IV - 12.6 “Nous bricolons dans l’incurable” (Emil Cioran)


“– L’habitude du malheur. Je me presse de rire de tout de peur d’être obligé d’en pleurer.”
Beaumarchais
Le Barbier de Séville, I, 2
(1775)


Le rire, perversion de cette polysémie qui est le propre de l’homme, à l’opposé de toute raison, procède de l’illusion vitale. “La santé, le bonheur, des œillères. La maladie rend enfin lucide” (Roger Martin du Gard). Cette “infirmité”, pour parler comme Vico – philosophe génial et maudit qu’on n’aurait jamais vu rire : celui qui sait n’a nul besoin de cette preuve par l’absurde que signale le rire – cette infirmité est la vie si “le pessimisme est de raison et l’optimisme de volonté”, entendant par là cette vitalité qui justifie la volonté de rire ou de prendre l’adversité “à la légère”, anesthésie ou aveuglement d’un “savoir” que la réalité dément. Un adage bouddhique énonce que “l’espoir est le plus grand malheur et le désespoir le plus grand bonheur”. Mais comment cesser d’espérer sans quitter la forme humaine ? Dans l’Argent de la Vieille (Lo Scopone scientifico, 1972) de Luigi Comencini, un couple de malheureux essaie depuis huit ans de gagner au jeu contre une vieille américaine qui les fait riches à millions... jusqu’à la dernière partie. “C’est la mort, dit l’un des personnages, on ne peut jamais gagner contre elle.” Raison de la petite fille du couple, tête responsable de la famille, qui ne sourit jamais, n’espère jamais, parce qu’elle est infirme et que cette impotence vitale la dispose à la sagesse. Elle empoisonne la vieille et supprime cette raison d’espérer qui est la raison du malheur. Gagne-t-on jamais contre la vieille ? Certes non. Mais on fait comme si. Par cette folie qui précède et qui se soumet toute réflexion. Parce que la vie est force et non sens.

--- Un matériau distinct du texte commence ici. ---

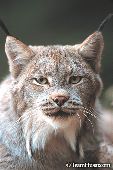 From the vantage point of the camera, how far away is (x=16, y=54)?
3039 mm

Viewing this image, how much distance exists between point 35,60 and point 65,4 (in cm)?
126

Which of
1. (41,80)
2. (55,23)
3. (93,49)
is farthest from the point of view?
(55,23)

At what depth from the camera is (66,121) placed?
9.52ft

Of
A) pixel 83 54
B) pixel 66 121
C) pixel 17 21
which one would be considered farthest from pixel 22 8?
pixel 66 121

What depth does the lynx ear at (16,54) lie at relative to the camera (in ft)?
9.95

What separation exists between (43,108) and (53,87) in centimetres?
11

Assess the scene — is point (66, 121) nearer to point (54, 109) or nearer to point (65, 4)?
point (54, 109)

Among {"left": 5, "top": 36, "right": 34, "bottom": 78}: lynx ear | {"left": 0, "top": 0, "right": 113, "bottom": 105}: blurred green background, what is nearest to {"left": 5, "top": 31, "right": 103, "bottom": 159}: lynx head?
{"left": 5, "top": 36, "right": 34, "bottom": 78}: lynx ear

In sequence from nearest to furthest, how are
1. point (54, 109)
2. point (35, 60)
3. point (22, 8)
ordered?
point (54, 109) → point (35, 60) → point (22, 8)

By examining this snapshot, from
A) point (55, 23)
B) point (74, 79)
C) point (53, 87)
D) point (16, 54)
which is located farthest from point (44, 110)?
point (55, 23)

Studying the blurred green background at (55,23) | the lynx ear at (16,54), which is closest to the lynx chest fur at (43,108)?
the lynx ear at (16,54)

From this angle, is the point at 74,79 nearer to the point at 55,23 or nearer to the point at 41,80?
the point at 41,80

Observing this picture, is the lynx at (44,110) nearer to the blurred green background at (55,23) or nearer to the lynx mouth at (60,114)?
the lynx mouth at (60,114)

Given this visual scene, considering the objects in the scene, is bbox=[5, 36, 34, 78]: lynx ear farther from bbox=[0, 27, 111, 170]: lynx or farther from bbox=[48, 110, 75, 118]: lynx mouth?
bbox=[48, 110, 75, 118]: lynx mouth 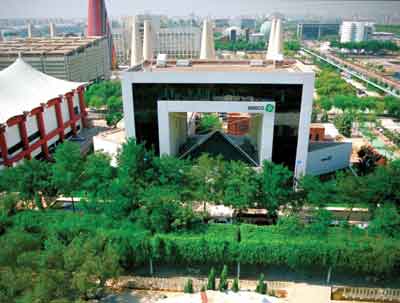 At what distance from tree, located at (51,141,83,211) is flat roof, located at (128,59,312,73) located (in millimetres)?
8058

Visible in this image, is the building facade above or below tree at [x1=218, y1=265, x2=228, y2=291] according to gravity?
above

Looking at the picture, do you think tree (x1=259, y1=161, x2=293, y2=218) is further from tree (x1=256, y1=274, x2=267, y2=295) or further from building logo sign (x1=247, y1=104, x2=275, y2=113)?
building logo sign (x1=247, y1=104, x2=275, y2=113)

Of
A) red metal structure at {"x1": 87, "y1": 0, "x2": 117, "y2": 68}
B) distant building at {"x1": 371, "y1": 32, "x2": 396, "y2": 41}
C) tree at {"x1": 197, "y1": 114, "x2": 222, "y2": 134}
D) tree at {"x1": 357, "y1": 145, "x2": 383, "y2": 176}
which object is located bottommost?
tree at {"x1": 357, "y1": 145, "x2": 383, "y2": 176}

"...Ce monde, qu'est-il, sinon l'universel rendez-vous de toutes les misères, de toutes les souffrances, de tous les périls, des tous les accidents et de tous les genres de mort ? Et à la vue de cet immense théâtre, si tragique, si lugubre, si lamentable, où chaque royaume, chaque ville, chaque famille changent continuellement la scène, où chaque soleil qui se lève est une comète, chaque instant qui passe un désastre, et chaque heure, chaque instant un millier d'infortunes : oui, à la vue d'un tel spectacle, quel est l'homme qui ne se sente prêt à pleurer ! S'il ne pleure pas, il montre qu'il n'est pas raisonnable ; s'il rit, il prouve que les brutes, elles aussi, ont la faculté de rire."
(Antonio Vieira,
Plaidoyer en faveur des larmes d'Héraclite, 1674)

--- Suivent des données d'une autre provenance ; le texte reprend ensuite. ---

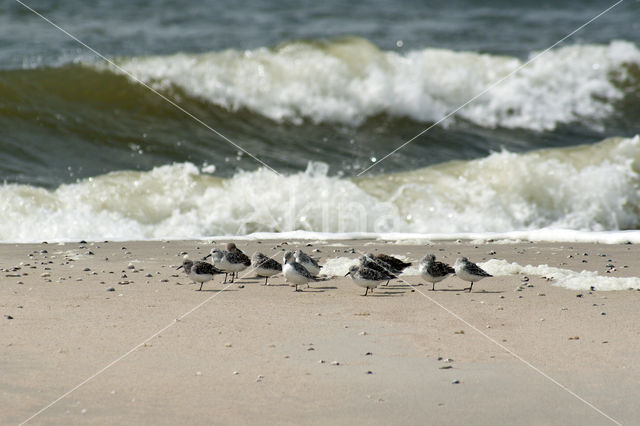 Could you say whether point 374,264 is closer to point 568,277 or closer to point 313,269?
point 313,269

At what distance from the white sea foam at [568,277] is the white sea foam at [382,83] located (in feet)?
32.3

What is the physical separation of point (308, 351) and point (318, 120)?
1271 centimetres

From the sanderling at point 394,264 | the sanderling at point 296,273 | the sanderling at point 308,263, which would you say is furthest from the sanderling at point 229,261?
the sanderling at point 394,264

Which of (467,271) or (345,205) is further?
(345,205)

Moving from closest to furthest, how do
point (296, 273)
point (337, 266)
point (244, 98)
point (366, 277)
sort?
point (366, 277) → point (296, 273) → point (337, 266) → point (244, 98)

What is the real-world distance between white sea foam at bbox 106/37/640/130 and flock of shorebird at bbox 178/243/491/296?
32.9 feet

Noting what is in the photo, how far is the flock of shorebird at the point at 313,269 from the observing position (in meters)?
7.33

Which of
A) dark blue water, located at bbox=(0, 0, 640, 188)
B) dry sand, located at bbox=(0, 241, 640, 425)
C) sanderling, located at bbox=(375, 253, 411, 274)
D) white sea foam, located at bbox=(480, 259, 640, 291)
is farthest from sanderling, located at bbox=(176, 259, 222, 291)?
dark blue water, located at bbox=(0, 0, 640, 188)

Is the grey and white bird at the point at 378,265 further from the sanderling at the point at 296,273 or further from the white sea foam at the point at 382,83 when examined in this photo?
the white sea foam at the point at 382,83

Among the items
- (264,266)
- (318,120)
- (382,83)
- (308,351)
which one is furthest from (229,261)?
(382,83)

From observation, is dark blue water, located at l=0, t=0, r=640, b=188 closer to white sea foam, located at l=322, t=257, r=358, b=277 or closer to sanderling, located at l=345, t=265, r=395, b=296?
white sea foam, located at l=322, t=257, r=358, b=277

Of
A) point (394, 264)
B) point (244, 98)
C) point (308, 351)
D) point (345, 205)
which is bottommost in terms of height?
point (308, 351)

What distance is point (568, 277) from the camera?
7938mm

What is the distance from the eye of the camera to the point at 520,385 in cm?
465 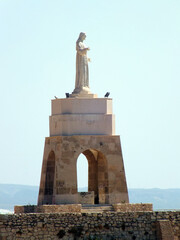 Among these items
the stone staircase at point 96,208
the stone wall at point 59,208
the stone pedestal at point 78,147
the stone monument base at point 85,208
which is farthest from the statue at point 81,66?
the stone wall at point 59,208

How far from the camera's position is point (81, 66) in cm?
5225

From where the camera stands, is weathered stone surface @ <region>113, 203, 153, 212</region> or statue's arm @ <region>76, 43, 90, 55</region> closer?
weathered stone surface @ <region>113, 203, 153, 212</region>

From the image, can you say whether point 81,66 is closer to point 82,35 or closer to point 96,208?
point 82,35

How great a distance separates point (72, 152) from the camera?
50.7m

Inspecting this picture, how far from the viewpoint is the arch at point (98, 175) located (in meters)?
52.1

Moyen de supporter la douleur, le rire est un moyen de faire face à l’adversité. Dans les pays de l'Est, où l'on pouvait être envoyé au goulag pour une blague, les Hongrois racontaient cette histoire à propos du Staline hongrois, Rakosi.
Rakosi avait fait imprimer un timbre à son effigie, mais ce timbre ne se vendait pas. Rakosi en personne décide de savoir pourquoi et, à la faveur d'un postiche, s'en va à la poste acheter le timbre en question. Il demande un timbre Rakosi à la postière, le colle sur une enveloppe qu'il est supposé envoyer et lui demande :
– Savez-vous pourquoi ces timbres ne se vendent pas ?
– C'est parce qu'ils ne collent pas, répond la postière.
– Mais je viens de coller celui-ci sans problème ! rétorque Rakosi.
– C'est parce que les gens crachent de l'autre côté...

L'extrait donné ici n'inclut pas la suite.